━━ RECORDS ━━

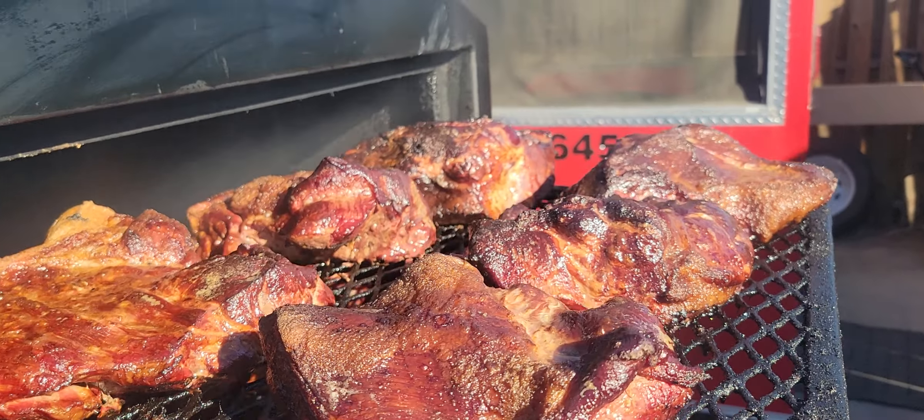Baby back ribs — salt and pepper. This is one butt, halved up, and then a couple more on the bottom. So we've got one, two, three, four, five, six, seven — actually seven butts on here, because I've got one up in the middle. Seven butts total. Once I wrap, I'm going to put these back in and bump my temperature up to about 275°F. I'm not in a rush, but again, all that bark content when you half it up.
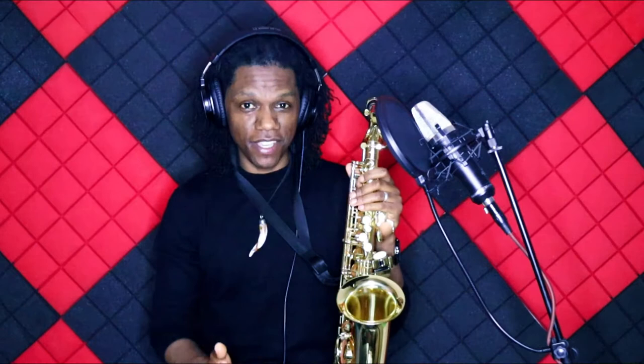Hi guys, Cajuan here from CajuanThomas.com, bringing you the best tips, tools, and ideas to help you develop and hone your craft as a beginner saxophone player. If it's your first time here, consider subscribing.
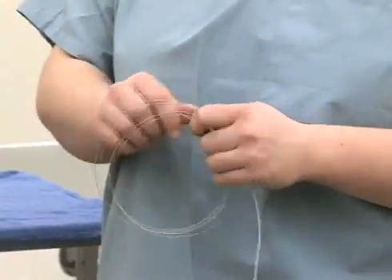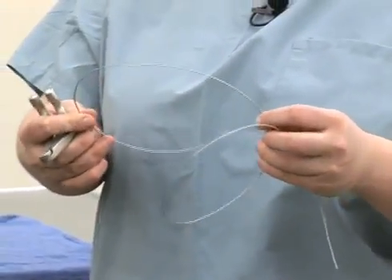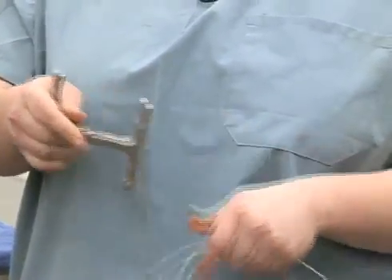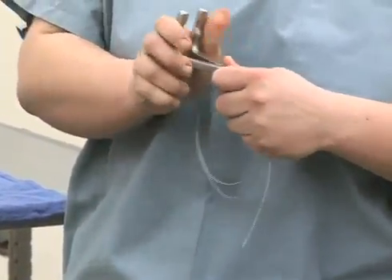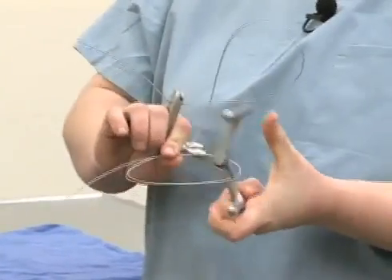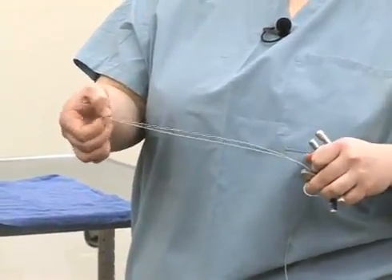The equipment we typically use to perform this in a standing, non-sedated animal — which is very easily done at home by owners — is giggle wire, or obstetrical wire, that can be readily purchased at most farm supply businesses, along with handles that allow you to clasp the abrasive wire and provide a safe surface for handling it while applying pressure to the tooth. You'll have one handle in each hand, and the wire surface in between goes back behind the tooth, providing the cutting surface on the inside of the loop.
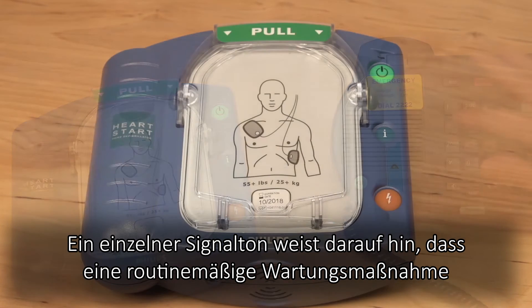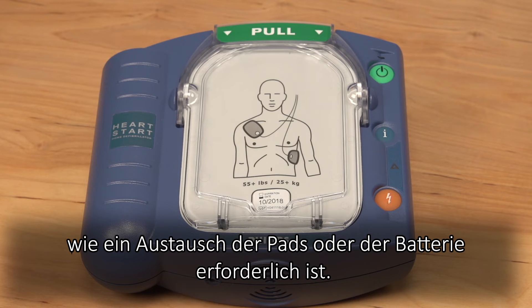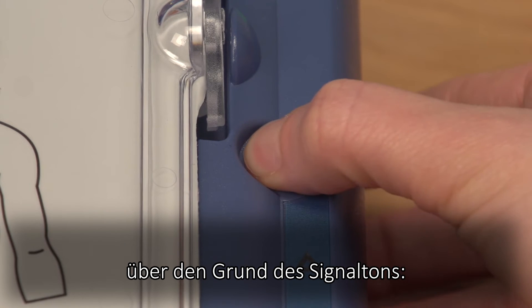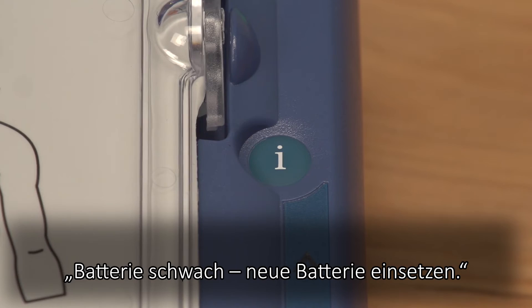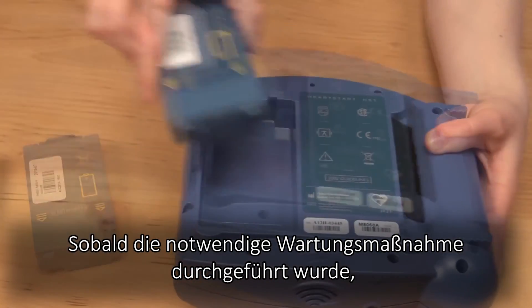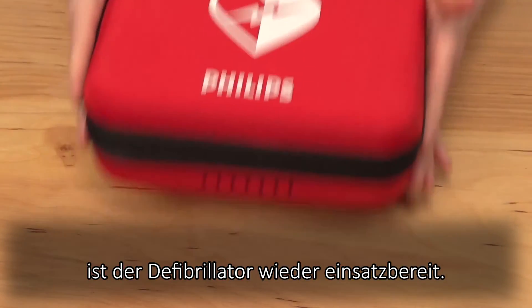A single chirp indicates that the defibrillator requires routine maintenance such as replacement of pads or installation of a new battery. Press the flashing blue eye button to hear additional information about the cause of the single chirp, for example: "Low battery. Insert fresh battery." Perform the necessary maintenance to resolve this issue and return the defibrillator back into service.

━━━
━━ RECORDS ━━

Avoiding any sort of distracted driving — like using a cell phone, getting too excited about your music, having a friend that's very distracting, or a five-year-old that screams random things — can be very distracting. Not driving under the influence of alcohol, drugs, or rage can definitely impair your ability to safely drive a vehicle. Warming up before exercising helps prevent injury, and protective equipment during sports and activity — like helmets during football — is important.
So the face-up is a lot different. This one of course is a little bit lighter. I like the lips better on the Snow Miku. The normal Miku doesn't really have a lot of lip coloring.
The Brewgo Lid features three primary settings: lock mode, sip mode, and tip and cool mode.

━━━
━━ RECORDS ━━

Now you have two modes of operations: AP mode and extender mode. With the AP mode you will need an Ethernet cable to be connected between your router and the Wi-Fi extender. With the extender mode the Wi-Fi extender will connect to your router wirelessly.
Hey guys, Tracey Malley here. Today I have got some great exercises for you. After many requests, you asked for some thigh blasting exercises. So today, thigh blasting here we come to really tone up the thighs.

━━━

§ TASK TO COMPLETE:
Copy only what lies between the line with "Baby back ribs" and the line with "A single chirp", those two lines included, exactly as given above; pictures stay out.

§ SOLUTION:
Baby back ribs — salt and pepper. This is one butt, halved up, and then a couple more on the bottom. So we've got one, two, three, four, five, six, seven — actually seven butts on here, because I've got one up in the middle. Seven butts total. Once I wrap, I'm going to put these back in and bump my temperature up to about 275°F. I'm not in a rush, but again, all that bark content when you half it up.
Hi guys, Cajuan here from CajuanThomas.com, bringing you the best tips, tools, and ideas to help you develop and hone your craft as a beginner saxophone player. If it's your first time here, consider subscribing.
The equipment we typically use to perform this in a standing, non-sedated animal — which is very easily done at home by owners — is giggle wire, or obstetrical wire, that can be readily purchased at most farm supply businesses, along with handles that allow you to clasp the abrasive wire and provide a safe surface for handling it while applying pressure to the tooth. You'll have one handle in each hand, and the wire surface in between goes back behind the tooth, providing the cutting surface on the inside of the loop.
A single chirp indicates that the defibrillator requires routine maintenance such as replacement of pads or installation of a new battery. Press the flashing blue eye button to hear additional information about the cause of the single chirp, for example: "Low battery. Insert fresh battery." Perform the necessary maintenance to resolve this issue and return the defibrillator back into service.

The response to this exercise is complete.